– И друзья, – объявил лорд Бисбери. – Люди чести, которые не забудут обетов, принесенных ей и ее отцу. Я стар, но не настолько, дабы смиренно сидеть здесь, пока подобные вам замышляют украсть принадлежащую ей корону.
Сказав так, он встал, дабы выйти вон.
Но сир Кристон Коль толкнул его обратно в кресло и рассек ему горло кинжалом.
Таким образом, первая кровь, пролитая в Танце Драконов, принадлежала лорду Лиману Бисбери, мастеру над монетой и лорду-казначею[3] Семи Королевств.
Никаких иных возражений после его смерти не последовало. И остаток ночи прошел в обдумывании коронации нового короля (все согласились, что дело должно совершить быстро) и составлении списков возможных союзников и предполагаемых противников на тот случай, если принцесса Рейнира откажется признавать восшествие Эйгона на престол. То, что принцесса в ожидании родов безотлучно пребывала на Драконьем Камне, давало зеленым королевы Алисенты преимущество: чем долее Рейнира пребудет в неведении о смерти короля, тем позднее она начнет действовать.
– Может быть, шлюха помрет родами, – сказала королева Алисента.
Ни один ворон не вылетел той ночью. Ни один колокол не зазвонил. Слуг, знавших о кончине короля, отправили в темницы. На сира Кристона Коля возложили обязанность взять под стражу оставшихся при дворе «черных»: тех лордов и рыцарей, кто мог склониться на сторону принцессы Рейниры.
– Не чините им зла, если они не окажут сопротивления, – повелел сир Отто Хайтауэр. – Те, кто преклонит колена и присягнет на верность королю Эйгону, не пострадают от наших рук.
– А те, кто так не поступит? – спросил великий мейстер Орвиль.
– Изменники, – сказал Железный Посох, – и должно им умереть смертью изменников.
И тогда лорд Ларис Стронг, мастер над шептунами, заговорил в первый и единственный раз.
– Да будем мы первыми, кто поклянется, – молвил он, – дабы не было изменников и среди нас.
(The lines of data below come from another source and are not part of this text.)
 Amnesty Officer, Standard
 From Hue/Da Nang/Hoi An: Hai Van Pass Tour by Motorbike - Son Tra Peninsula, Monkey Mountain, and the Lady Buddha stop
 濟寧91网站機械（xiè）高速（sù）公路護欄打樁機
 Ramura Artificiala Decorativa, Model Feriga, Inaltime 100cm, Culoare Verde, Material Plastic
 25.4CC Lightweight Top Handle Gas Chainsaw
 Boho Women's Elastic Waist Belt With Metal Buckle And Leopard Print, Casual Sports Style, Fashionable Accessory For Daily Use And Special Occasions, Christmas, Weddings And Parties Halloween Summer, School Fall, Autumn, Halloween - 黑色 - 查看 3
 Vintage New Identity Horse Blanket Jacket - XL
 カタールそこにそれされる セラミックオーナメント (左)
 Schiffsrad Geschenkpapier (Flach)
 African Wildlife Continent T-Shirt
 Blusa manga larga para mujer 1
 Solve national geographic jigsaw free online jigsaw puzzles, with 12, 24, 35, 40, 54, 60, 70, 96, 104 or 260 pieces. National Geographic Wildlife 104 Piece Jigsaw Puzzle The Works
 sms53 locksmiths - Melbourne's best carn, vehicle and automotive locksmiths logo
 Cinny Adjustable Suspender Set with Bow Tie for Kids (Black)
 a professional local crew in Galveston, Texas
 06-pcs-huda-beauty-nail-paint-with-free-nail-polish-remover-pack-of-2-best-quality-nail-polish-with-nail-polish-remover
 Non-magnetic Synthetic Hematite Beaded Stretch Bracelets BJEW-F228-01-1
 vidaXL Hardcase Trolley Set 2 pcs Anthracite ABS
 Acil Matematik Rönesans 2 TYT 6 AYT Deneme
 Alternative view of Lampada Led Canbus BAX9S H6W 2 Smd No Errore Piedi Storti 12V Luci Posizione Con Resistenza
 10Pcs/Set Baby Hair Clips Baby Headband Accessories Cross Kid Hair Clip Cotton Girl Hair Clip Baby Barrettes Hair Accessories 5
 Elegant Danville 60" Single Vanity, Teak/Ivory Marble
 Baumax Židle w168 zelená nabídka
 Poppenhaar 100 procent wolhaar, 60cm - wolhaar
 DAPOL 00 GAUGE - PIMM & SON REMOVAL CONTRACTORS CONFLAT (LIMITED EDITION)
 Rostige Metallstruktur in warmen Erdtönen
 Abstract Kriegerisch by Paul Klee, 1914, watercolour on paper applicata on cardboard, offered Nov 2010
Обнажив свой кинжал, Косолапый провел им поперек ладони.
– Клятва крови, – потребовал он, – что свяжет всех нас вместе, сделав братьями до смерти.
И потому каждый из заговорщиков разрезал свою ладонь и пожал руку другим, присягнув братству. Королеву Алисенту, единственную из них, освободили от принесения клятвы, ибо она была женщиной.
Над городом вставала заря, когда Алисента послала королевских гвардейцев, дабы они привели на совет ее сыновей. Принц Дейрон, кротчайший из ее детей, оплакивал кончину своего родителя. Одноглазого принца Эймонда, девятнадцати лет от роду, отыскали в оружейной. Он облачался в кольчугу и латы для утренних занятий во дворе замка.
– Эйгон ли теперь наш король? – спросил он сира Уиллиса Фелла. – Или же нам должно преклонить колена и поцеловать щель старой потаскухи?
Принцесса Хелейна завтракала со своими детьми, когда гвардейцы пришли к ней... но на вопрос о местонахождении принца Эйгона, ее брата и супруга, она лишь ответила:
– Будьте уверены, он не в моей постели. Если желаете, можете поискать под одеялами.
Принца Эйгона нашли с некоей возлюбленной. Поначалу принц отказывался становиться частью замысла своей матери.
– Наследницей является моя сестра, а не я, – говорил он. – Какой брат украдет у сестры первородство?
Эйгон заколебался лишь после того, как сир Кристон убедил наследника, что принцесса, надев корону, наверняка казнит и самого принца, и его братьев.
– Пока хоть один законнорожденный Таргариен жив, ни один Стронг не может надеяться сесть на Железный трон, – сказал Коль. – Если Рейнира пожелает передать после себя власть своим бастардам, у нее не останется иного выбора, кроме как снять ваши головы с плеч.
Только сие, и ничто иное, сподвигло Эйгона принять предложенную Малым советом корону.
Сир Тайленд Ланнистер, объявленный мастером над монетой вместо покойного лорда Бисбери, немедленно начал действовать, завладев королевской сокровищницей. Золото короны разделили на четыре части. Одну из них вверили Железному банку Браавоса, другую под мощной охраной отослали в Утес Кастерли, третью – в Старомест. Остаток богатства предназначили для подкупа и даров, а равно для оплаты наемников в случае нужды.